**What you have to do**
For this exercise, write out only the lines of the entries below from the one with "Little Mermaid Statue 3D model" up to and including the one with "Kayak de pesca", exactly as they are. Pictures stay out.

--

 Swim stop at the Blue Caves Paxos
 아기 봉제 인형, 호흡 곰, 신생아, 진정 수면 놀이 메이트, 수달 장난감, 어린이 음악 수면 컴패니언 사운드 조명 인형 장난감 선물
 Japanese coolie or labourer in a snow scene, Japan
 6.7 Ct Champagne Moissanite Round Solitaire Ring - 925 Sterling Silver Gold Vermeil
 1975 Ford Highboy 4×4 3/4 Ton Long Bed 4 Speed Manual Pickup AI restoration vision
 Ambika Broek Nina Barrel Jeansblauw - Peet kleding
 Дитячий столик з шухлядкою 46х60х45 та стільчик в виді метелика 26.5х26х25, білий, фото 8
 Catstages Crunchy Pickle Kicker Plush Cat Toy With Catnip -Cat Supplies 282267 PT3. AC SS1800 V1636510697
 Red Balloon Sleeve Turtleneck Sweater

--

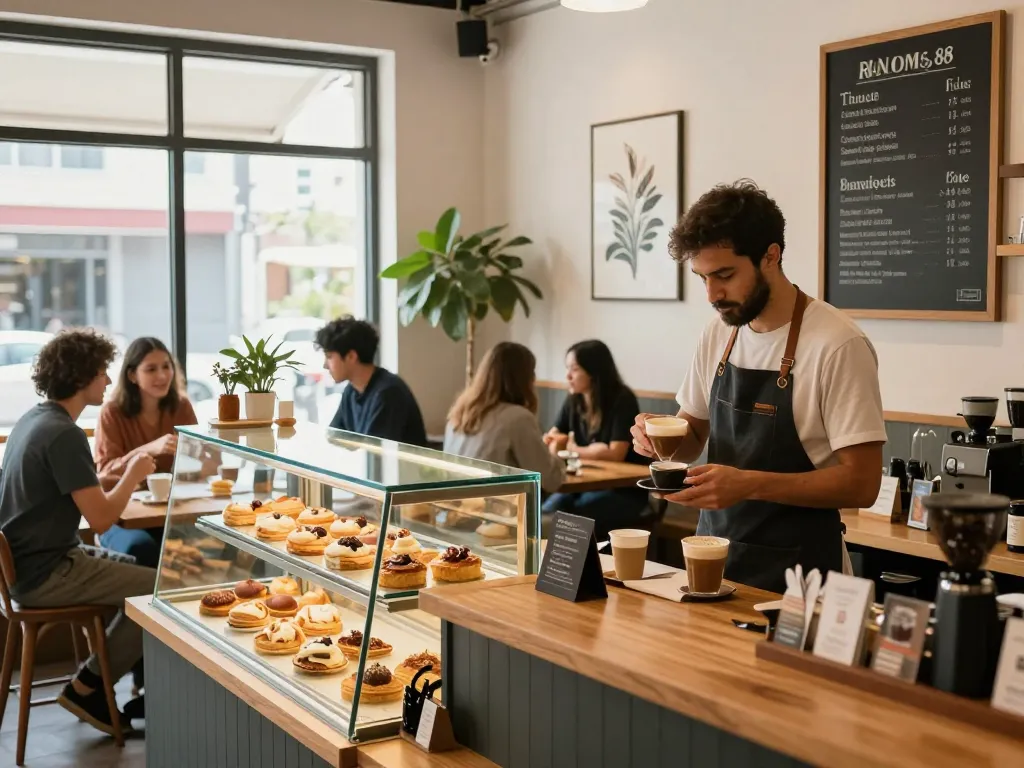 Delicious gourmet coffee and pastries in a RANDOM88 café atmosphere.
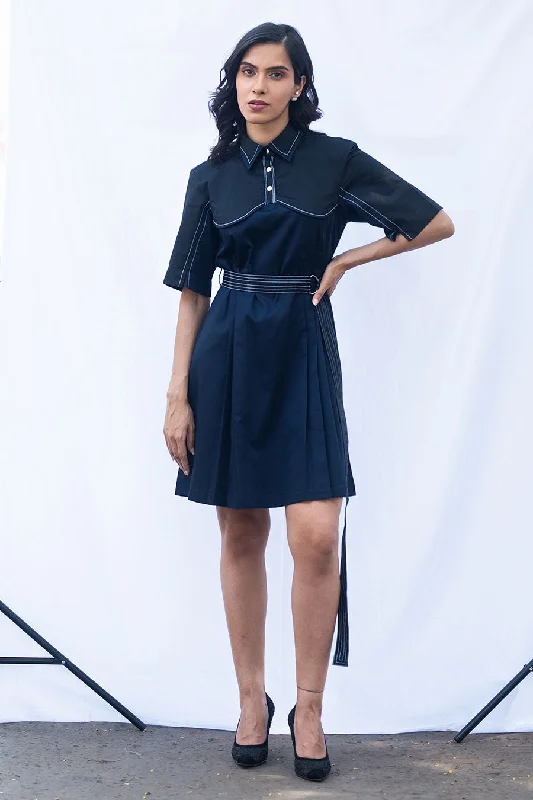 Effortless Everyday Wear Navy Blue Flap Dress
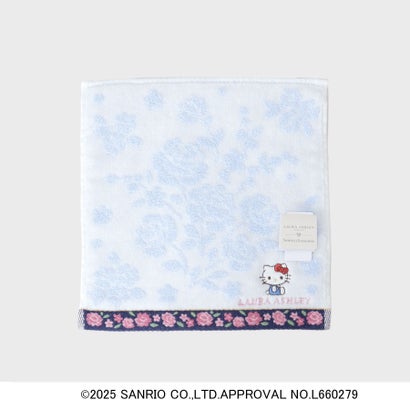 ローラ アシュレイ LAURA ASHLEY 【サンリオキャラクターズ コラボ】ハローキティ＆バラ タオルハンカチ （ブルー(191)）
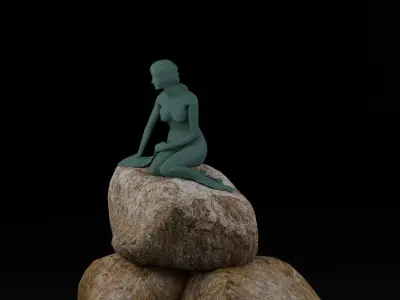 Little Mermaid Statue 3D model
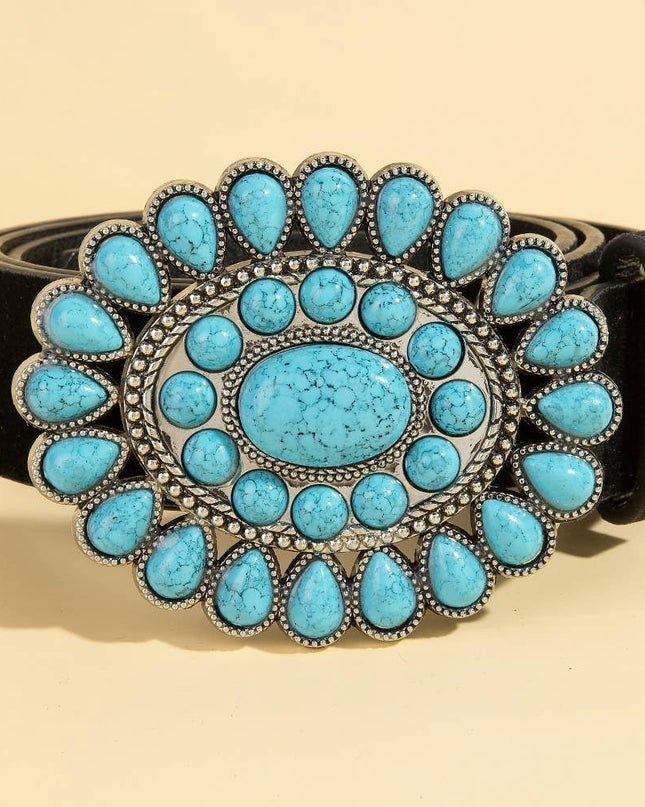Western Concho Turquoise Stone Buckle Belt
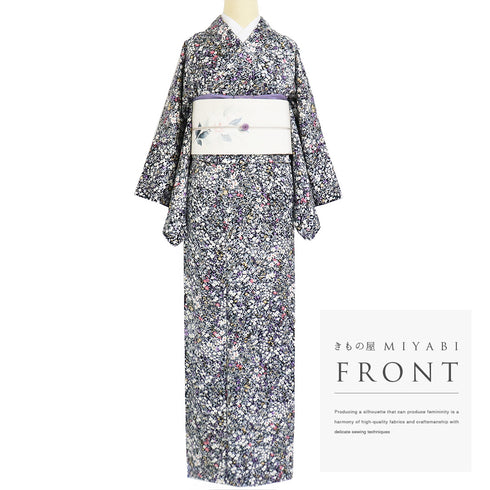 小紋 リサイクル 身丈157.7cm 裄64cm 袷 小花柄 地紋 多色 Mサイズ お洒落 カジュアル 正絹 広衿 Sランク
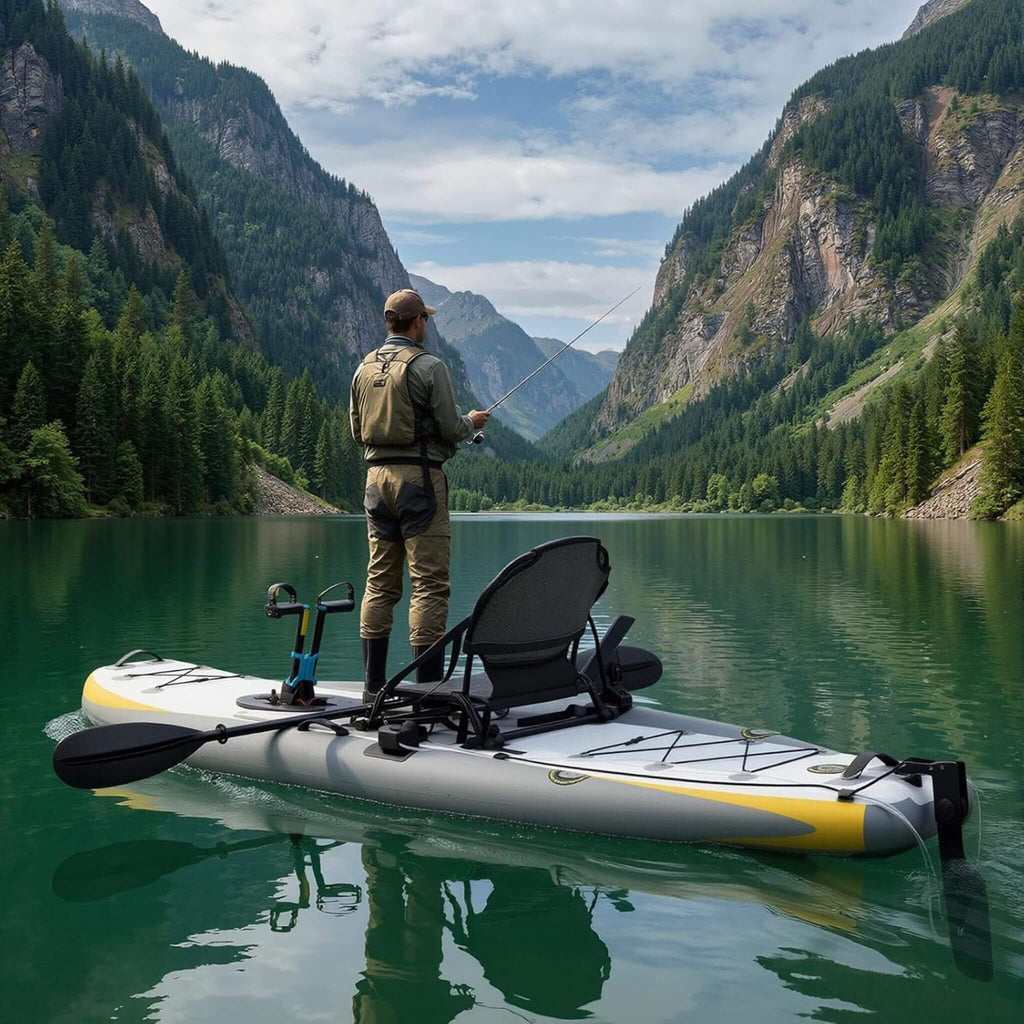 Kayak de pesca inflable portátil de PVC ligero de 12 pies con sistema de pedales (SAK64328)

--

**Task response**
 Little Mermaid Statue 3D model
Western Concho Turquoise Stone Buckle Belt
 小紋 リサイクル 身丈157.7cm 裄64cm 袷 小花柄 地紋 多色 Mサイズ お洒落 カジュアル 正絹 広衿 Sランク
 Kayak de pesca inflable portátil de PVC ligero de 12 pies con sistema de pedales (SAK64328)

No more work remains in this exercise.